Cette stratification des usages donne aussi à réfléchir sur les leviers qui restent à inventer si l’on veut que le web ne devienne pas uniquement une nouvelle télévision dans laquelle quelques-uns inventent les contenus que quelques autres décideront de produire et que l’ensemble des autres absorbera plus ou moins passivement, c’est à dire si l’on veut maintenir ou augmenter la part réelle des usages contributifs et participatifs. De ce côté-là, c’est peu dire qu’il reste des choses à inventer, et des gens à former :-)

Une nouvelle grammaire documentaire universelle ?

Ce qui me frappe dans tout ça ce sont les 20% de “participatifs”, les “collectors” et les “critics” dont l’activité essentielle est de nature intrinsèquement documentaire. En parallèle des 20% de créateurs. Un monde, celui du web, dans lequel on compte autant de gens qui produisent de contenus que de personnes exerçant sur lesdits contenus une activité de nature documentaire. Un monde à l’équilibre entre ceux qui exercent une autorité (au sens “d’auteur”) et ceux qui “balisent”, qui “labellisent”, ceux qui autorisent nos parcours, qui supportent nos navigations.
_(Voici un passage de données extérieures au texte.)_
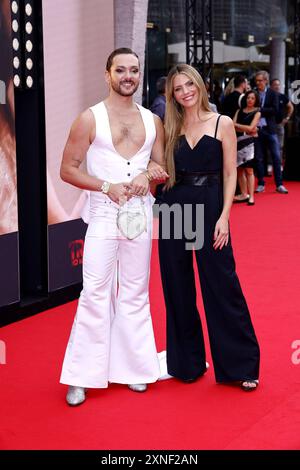 Riccardo Simonetti und Viviane Geppert BEI der Trap: première du film No Way Out AM 31.07.2024 à Berlin Trap Filmpremiere à Berlin mit Josh Hartnett *** Riccardo Simonetti et Viviane Geppert à la première du film Trap No Way Out le 31 07 2024 à Berlin première du film Trap à Berlin avec Josh Hartnett Banque D'Images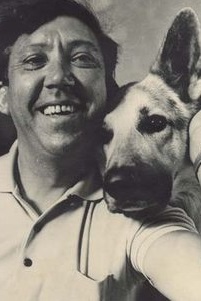 Yuri Nikulin con un pastor alemán
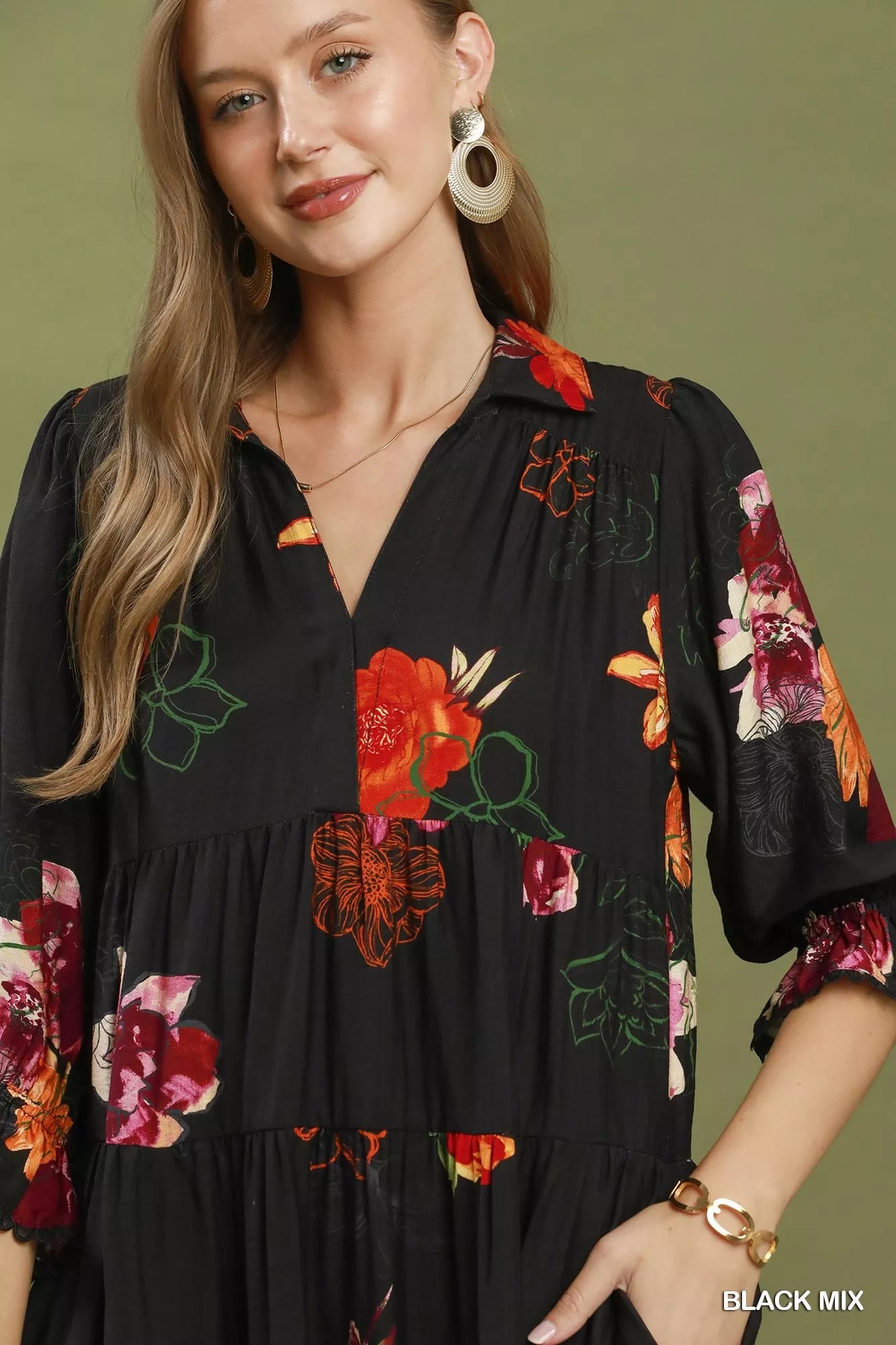 Umgee Midikleid mit Blumenmuster, Stufenrock und Puffärmeln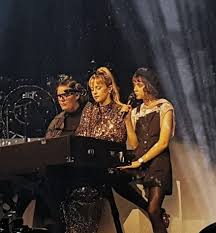 Produced by safia nolin & pomme. Pomme Source On Twitter Photos Pomme Etait L Invitee D Angele Lors Du Broltour Pour Deux Dates A Bercy Elles Ont Chante La Chanson De Pomme On Brulera Avec Egalement Safia Nolin Https T Co Olq0vp5une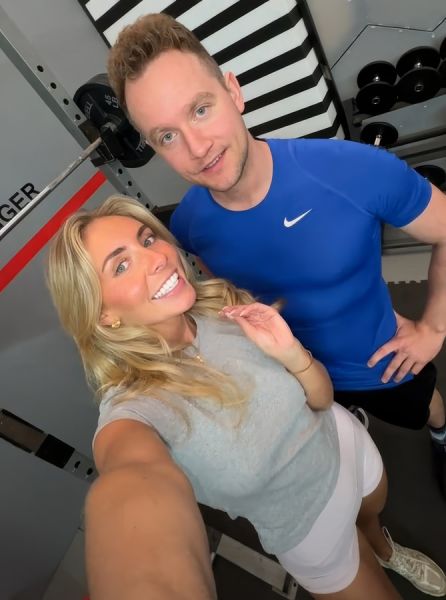 British Woman Fucks Her Trainer In The Gym - Bonnie Blue
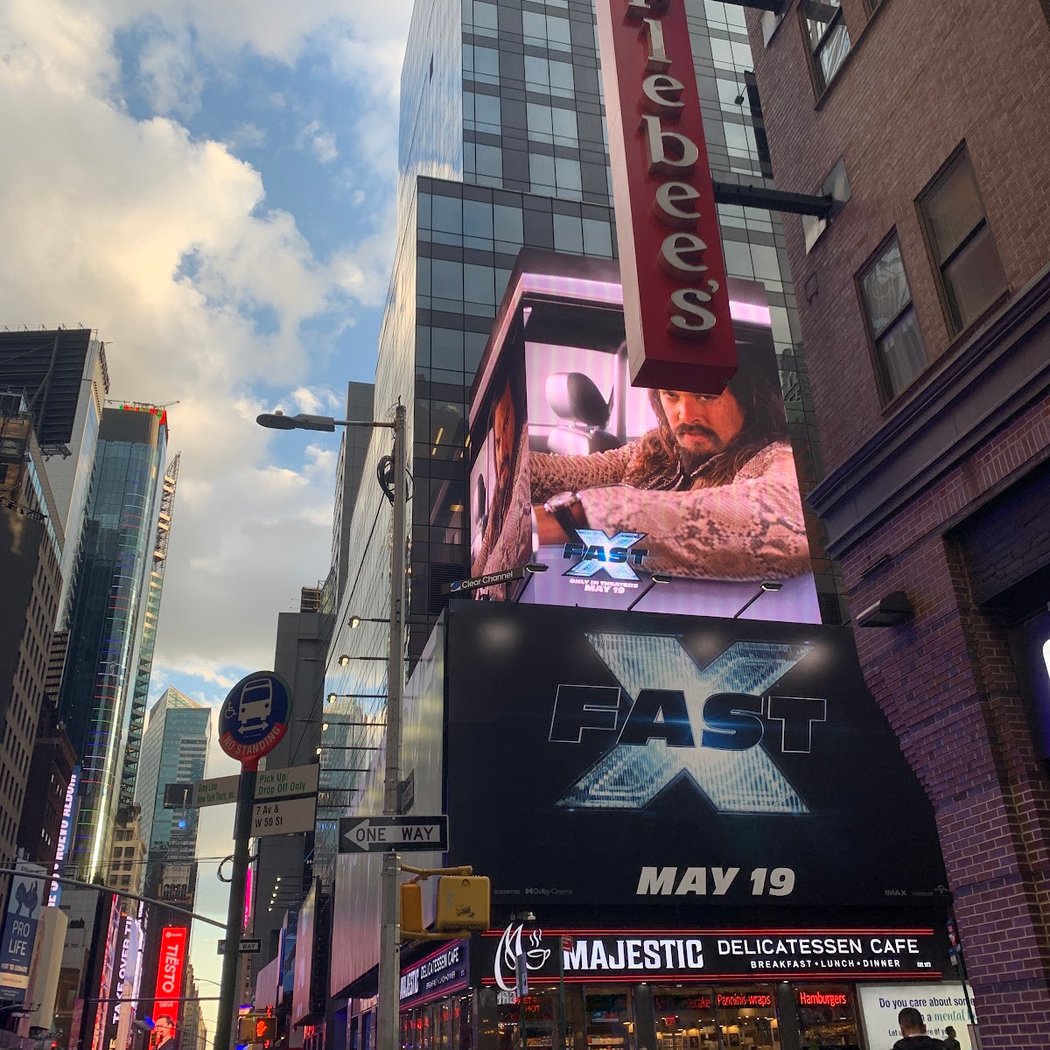 Times Square Theater 2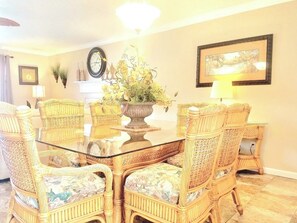 Dining - Grand island Blvd ~ Wi-Fi ~ just steps to the Island Pool ~ Vacations by Fayla (Panama City Beach)
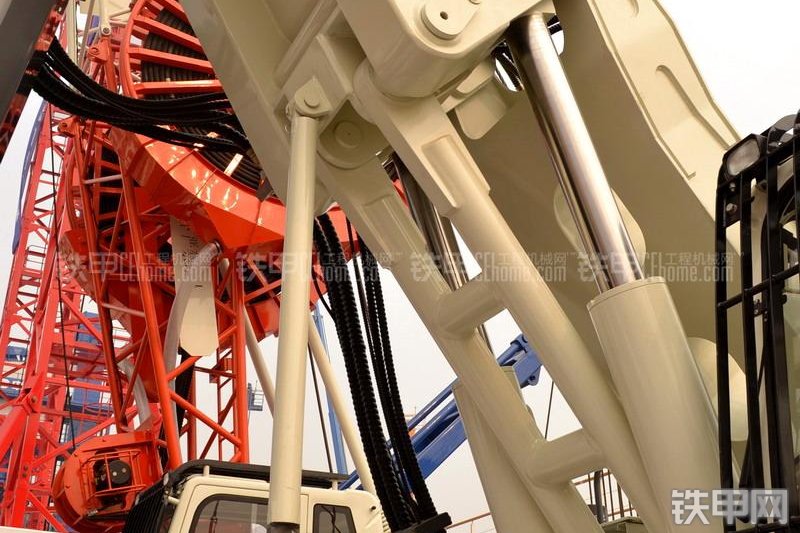 中联重科ZR280C旋挖钻整机外观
Pas encore une “intelligence collective” (au sens de Pierre Lévy), mais déjà, à tout le moins, les bases d’une nouvelle grammaire documentaire collective et universelle.

Un monde dans lequel, comme le dit Bernard Stiegler (ici), (presque) tout le monde “produit des méta-langages“, mais sans le savoir, à la manière d’un monsieur Jourdain de la documentation. Un monde qu’il importe (Stiegler encore) “d’accompagner vers sa majorité au sens de Kant“, en lui fournissant “les outils permettant d’instaurer un regard et une distance critique” sur ces méta-discours, sur ces méta-activités documentaires permanentes, rémanentes.

Surtout, un formidable “terrain” scientifique pour la science de l’information.

Relire Barthes (Critique et vérité, Paris, Seuil, 1966) : “Le Moyen-Age, lui, avait établi autour du livre quatre fonctions distinctes : le scriptor (qui recopiait sans rien ajouter), le compilator (qui n’ajoutait jamais du sien), le commentator (qui n’intervenait de lui-même dans le texte recopié que pour le rendre intelligible), et enfin l’auctor (qui donnait ses propres idées en s’appuyant toujours sur d’autres autorités).” Remplacer “le livre” par “le web”, et prendre de temps de mesurer et de qualifier le réagencement de ces énonciations documentaires fortement ou faiblement contributives / participatives / collaboratives.

Attention cependant, il n’est nullement question de sombrer dans l’irénisme. A côté ou plus exactement à l’envers de ce web contributif et participatif, progresse également l’ombre d’un monde que caractérise “la montée hors limite d’une société panoptique, info-totalitaire et crypto-fasciste, à l’échelle mondiale” (Philippe Quéau). Un monde où le partage est légitime, et que légitime un probable “surplus cognitif” (Clay Shirky), mais dans lequel, également, la menace d”une “clôture des idées” (Philippe Quéau encore) n’a jamais été aussi grande.